【経済産業省】石油元売り各社に「SAF」の供給義務付けへ
財界オンライン / 2023年6月30日 11時30分
経済産業省は5月下旬、30年からジェット燃料の少なくとも10%を二酸化炭素(CO2)排出量が少ない「持続可能な航空燃料(SAF)」で供給するよう石油元売り各社に義務付ける方針を打ち出した。航空会社が国内で安定的にSAFを確保できる環境を整備する狙いだ。ただ、コスト低減との両立が課題となる。
廃食油や植物などを原料とするSAFは、従来燃料よりCO2排出量を6~8割抑えられるとされる。国際民間航空機関(ICAO)が定めた削減目標達成に不可欠な燃料で、ANAホールディングスや日本航空は30年度に消費燃料の10%をSAFに転換する目標を掲げている。政府は、海外航空会社への供給分と合わせ、国内で30年に171万キロリットルの需要があると見込む。
しかし、世界のSAF供給量は22年時点で約30万キロリットル。前年の3倍に急増したが、世界のジェット燃料供給量の1%にも満たない。SAF争奪戦の様相が高まる中、国内の供給体制整備は急務となっている。経産省の新規制では、エネルギー供給構造高度化法に基づき石油元売りなどに10%のSAF供給を義務付け。罰則も設ける方向で、供給側に早急な対応を迫る。
一方、購入する側の航空業界は供給義務化を歓迎しつつ、「価格低減もセットじゃないと困る」(関係者)と釘を刺す。昨年公表の国の資料によると、SAF製造コストは従来燃料の2〜16倍。高価格も普及への壁となっているのが現状だ。
このため経産省は、海外での原料開発への資金支援や海外生産SAFへの輸入関税や石油石炭税減免なども検討。コスト低減を図る考えだが、米欧は手厚い税制優遇や補助金を導入済み。

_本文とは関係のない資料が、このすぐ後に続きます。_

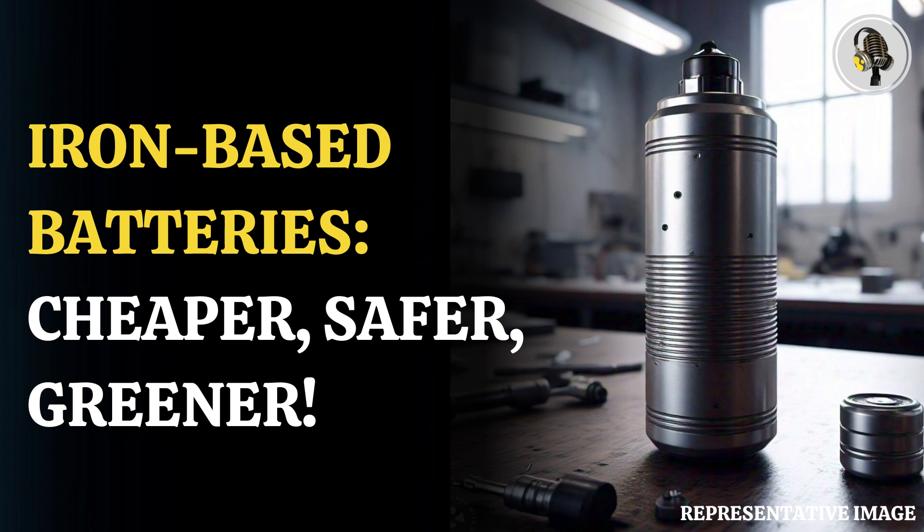Researchers have reportedly developed an iron-based cathode material, which can pave the way for making cheaper, safer, and more sustainable batteries. The new material will end the need to use expensive and scarce metals such as cobalt and nickel, leading to the manufacturing of electric vehicles at cheaper rates.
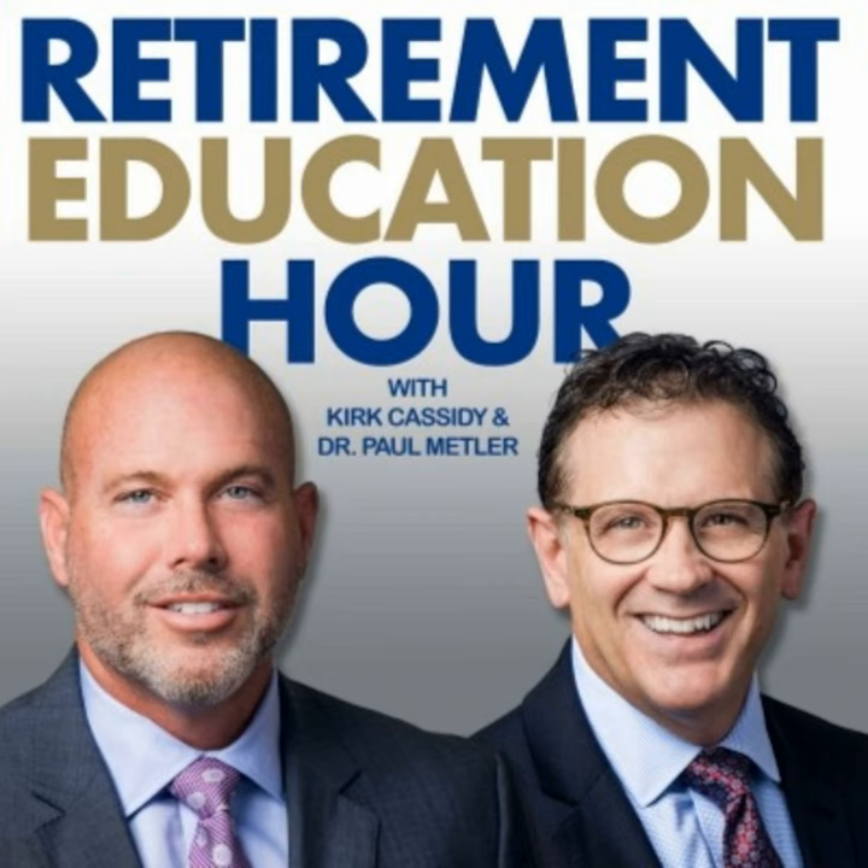If you'd like to register for the class, we're teaching eight-hour courses at just about every major university around Michigan. All you have to do to attend is make a $29 donation to charity. You can register at retirementplanningedu.org.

米国では国内生産のSAF価格は実質的に従来燃料並みになるとも言われており、出遅れ感は否めない。経産省は「石油元売りが作っても(高額で)売れないということにはならない」(担当者)との認識だが、海外より燃料コストが高ければ日本の航空会社の競争力低下や航空券価格上昇につながる恐れもあり、不安は拭えない。